L2/03-043
Source: Mark Davis
Date: Feb 11, 2003
Title: Decimal Discrepancy
We have a couple of different ways that numbers are categoried in the
UnicodeData file:
1. General_Category: Decimal_Digit_Number (Nd), Letter Number (Nl), and
Other_Number (No).
2. Numeric_Type: Decimal_Digit, Digit, and Numeric (based on the values in
fields 6-8.)
Now, someone would expect that Decimal_Digit_Number and Decimal_Digit would
be be the same set of characters. But they are not.

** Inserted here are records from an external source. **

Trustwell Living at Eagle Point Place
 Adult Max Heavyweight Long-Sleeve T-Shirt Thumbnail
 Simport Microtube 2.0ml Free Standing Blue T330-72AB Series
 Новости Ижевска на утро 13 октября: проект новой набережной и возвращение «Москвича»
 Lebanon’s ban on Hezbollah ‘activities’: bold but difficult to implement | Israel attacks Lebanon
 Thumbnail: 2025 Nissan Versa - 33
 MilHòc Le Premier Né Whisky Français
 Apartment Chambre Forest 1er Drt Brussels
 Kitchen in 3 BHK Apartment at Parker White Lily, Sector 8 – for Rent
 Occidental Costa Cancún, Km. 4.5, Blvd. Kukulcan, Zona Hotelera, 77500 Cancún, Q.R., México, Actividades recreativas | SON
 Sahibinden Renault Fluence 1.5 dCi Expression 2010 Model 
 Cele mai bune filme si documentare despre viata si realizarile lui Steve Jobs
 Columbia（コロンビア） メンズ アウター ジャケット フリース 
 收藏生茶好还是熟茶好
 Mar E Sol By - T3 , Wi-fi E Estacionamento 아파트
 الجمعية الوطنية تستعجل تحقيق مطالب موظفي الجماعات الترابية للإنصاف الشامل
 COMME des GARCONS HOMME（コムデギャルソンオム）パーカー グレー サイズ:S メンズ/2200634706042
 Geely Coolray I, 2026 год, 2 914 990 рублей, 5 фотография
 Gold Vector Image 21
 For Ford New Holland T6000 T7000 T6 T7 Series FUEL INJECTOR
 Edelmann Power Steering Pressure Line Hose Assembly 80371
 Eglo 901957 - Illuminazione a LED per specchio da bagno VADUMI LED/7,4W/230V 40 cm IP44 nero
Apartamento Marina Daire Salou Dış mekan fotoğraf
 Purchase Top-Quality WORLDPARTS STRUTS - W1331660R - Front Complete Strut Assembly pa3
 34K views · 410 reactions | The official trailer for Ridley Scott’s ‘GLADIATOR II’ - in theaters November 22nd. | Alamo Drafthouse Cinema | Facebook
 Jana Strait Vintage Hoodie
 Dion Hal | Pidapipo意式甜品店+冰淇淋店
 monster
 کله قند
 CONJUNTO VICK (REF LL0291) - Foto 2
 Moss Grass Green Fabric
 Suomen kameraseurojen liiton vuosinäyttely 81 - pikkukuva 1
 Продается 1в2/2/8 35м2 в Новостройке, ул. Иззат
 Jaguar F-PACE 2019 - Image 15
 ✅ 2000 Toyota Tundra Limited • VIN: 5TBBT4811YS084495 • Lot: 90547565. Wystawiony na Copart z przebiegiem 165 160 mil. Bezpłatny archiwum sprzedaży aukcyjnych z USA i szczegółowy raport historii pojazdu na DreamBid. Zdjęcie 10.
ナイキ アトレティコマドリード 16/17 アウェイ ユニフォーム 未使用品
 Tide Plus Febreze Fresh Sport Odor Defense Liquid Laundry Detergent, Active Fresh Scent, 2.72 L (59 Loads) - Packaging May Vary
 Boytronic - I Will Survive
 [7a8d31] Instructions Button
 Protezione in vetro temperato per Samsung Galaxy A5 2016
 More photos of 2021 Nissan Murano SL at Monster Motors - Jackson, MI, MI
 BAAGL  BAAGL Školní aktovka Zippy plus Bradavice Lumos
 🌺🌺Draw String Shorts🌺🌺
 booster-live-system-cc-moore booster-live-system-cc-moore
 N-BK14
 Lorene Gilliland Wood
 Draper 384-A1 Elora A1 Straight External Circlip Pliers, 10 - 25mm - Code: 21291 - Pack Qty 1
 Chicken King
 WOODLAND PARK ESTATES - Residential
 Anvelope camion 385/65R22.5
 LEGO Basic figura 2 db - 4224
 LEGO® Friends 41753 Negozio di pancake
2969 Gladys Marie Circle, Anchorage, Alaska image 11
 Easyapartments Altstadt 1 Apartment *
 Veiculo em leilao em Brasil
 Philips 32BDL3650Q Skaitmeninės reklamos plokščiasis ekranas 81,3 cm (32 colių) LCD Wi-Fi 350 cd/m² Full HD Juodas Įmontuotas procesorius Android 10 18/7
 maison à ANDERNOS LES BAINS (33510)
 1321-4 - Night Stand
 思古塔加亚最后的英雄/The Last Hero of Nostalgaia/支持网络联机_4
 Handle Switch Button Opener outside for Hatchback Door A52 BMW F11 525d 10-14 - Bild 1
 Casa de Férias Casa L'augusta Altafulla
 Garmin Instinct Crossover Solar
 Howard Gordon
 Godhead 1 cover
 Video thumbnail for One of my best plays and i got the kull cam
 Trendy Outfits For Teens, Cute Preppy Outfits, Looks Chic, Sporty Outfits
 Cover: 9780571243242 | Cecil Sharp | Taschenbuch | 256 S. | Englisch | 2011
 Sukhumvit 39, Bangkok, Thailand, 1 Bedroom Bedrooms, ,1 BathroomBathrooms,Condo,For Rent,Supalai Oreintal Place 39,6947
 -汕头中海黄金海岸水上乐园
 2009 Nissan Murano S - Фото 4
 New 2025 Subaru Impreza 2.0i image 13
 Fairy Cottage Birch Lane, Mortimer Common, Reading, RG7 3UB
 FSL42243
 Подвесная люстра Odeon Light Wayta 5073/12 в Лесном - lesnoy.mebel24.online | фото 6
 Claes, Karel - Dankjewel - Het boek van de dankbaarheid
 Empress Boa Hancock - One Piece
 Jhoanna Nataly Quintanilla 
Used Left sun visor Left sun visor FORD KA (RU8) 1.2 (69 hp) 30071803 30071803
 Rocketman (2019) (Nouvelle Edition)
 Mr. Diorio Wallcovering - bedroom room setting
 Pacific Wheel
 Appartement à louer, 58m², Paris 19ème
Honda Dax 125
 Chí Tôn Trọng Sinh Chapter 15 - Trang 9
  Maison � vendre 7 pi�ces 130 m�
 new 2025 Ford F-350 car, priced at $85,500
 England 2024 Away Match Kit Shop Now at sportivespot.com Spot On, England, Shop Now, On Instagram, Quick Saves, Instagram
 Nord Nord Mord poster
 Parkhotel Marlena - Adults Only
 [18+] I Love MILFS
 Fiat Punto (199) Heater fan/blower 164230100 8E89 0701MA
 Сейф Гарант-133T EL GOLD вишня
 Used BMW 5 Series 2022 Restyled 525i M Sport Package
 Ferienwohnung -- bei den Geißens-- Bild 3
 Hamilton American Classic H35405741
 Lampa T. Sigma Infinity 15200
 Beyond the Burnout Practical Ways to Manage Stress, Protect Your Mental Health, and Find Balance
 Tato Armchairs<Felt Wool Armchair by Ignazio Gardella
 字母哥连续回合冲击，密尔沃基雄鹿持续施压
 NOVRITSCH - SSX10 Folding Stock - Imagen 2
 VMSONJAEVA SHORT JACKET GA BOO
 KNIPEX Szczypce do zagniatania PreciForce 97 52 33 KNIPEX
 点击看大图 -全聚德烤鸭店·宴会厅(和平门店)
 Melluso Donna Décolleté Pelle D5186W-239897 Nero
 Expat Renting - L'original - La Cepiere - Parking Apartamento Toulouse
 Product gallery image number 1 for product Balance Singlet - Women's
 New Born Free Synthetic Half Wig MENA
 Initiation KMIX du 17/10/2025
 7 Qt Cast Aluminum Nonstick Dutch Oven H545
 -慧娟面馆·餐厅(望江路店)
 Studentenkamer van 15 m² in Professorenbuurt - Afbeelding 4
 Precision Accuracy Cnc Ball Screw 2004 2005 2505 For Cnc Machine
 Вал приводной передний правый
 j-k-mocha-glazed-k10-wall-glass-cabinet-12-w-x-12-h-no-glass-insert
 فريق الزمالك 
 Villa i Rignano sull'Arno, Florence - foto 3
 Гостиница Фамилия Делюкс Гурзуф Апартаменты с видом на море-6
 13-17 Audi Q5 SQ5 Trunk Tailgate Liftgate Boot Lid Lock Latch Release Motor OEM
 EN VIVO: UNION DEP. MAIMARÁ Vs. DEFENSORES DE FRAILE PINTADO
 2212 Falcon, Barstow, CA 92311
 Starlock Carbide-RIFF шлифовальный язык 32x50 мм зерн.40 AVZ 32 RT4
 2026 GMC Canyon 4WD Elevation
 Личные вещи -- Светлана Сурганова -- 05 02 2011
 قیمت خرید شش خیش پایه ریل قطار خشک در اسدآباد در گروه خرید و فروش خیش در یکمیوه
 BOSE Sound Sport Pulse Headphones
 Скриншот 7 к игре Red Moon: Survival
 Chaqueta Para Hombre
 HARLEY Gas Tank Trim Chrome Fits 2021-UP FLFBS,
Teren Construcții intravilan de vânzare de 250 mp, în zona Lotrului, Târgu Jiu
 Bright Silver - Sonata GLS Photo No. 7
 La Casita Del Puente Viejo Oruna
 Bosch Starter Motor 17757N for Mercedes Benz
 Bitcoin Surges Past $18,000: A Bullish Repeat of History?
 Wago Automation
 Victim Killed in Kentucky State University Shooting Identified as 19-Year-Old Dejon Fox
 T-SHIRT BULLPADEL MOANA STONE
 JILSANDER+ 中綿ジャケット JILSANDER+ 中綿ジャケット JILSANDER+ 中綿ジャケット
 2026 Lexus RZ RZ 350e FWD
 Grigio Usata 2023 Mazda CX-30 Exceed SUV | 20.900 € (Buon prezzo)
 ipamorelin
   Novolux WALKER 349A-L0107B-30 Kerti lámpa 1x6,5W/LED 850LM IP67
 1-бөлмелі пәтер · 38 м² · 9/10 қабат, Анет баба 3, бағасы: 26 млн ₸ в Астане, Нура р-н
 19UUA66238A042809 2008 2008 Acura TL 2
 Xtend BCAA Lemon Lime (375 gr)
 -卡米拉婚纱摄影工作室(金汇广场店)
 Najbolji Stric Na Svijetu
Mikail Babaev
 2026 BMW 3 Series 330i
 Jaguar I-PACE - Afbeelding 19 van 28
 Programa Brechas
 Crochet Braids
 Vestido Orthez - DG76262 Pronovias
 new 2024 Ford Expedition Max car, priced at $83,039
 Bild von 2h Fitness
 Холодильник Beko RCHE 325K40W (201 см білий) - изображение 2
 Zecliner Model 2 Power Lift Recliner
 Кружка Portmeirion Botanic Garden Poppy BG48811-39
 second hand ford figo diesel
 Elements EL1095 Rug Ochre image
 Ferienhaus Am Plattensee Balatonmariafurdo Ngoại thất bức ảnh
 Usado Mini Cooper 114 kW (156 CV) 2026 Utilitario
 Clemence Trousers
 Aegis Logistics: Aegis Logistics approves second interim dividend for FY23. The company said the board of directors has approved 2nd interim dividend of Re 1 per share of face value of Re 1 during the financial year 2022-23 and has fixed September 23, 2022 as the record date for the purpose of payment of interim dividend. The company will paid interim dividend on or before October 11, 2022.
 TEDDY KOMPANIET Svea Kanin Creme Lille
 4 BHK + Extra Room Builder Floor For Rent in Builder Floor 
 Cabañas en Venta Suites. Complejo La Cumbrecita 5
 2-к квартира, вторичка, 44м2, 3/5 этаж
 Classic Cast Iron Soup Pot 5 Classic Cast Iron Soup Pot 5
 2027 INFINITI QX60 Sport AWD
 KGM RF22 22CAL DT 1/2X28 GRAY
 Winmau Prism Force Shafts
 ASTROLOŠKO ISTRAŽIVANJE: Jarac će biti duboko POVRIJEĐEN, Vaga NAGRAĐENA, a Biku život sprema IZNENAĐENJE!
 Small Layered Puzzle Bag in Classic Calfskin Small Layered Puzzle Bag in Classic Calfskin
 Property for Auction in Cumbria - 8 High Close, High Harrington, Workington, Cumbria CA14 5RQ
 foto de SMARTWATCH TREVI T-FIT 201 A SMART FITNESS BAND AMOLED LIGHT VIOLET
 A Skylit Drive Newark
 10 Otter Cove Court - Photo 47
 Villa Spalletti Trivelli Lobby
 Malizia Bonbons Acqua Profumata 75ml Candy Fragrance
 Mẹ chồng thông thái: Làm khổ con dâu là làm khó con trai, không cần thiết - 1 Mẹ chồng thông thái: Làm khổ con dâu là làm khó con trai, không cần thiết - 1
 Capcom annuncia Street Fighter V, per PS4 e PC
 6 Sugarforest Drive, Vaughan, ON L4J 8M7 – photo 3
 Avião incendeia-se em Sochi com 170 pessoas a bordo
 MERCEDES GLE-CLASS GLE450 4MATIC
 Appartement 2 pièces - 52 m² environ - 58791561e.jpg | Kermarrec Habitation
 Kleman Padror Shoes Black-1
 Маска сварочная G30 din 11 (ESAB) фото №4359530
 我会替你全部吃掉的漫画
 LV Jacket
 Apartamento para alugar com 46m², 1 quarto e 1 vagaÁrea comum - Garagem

The extracted data file
shows the discrepancies:
http://www.unicode.org/Public/3.2-Update/extracted/DerivedNumericType-3.2.0.
txt
In particular, 10 Decimal_Digit characters (out of the 268) are not
Decimal_Digit_Number:
2070 ; decimal # No SUPERSCRIPT ZERO
00B9 ; decimal # No SUPERSCRIPT ONE
00B2..00B3 ; decimal # No [2] SUPERSCRIPT TWO..THREE
2074..2079 ; decimal # No [6] SUPERSCRIPT FOUR..NINE
I don't recall there being any principle behind this result; I suspect it
was just an oversight. I'd recommend that either we change the
General_Category for these characters to Decimal_Digit_Number, or change the
Numeric_Type to Digit
Mark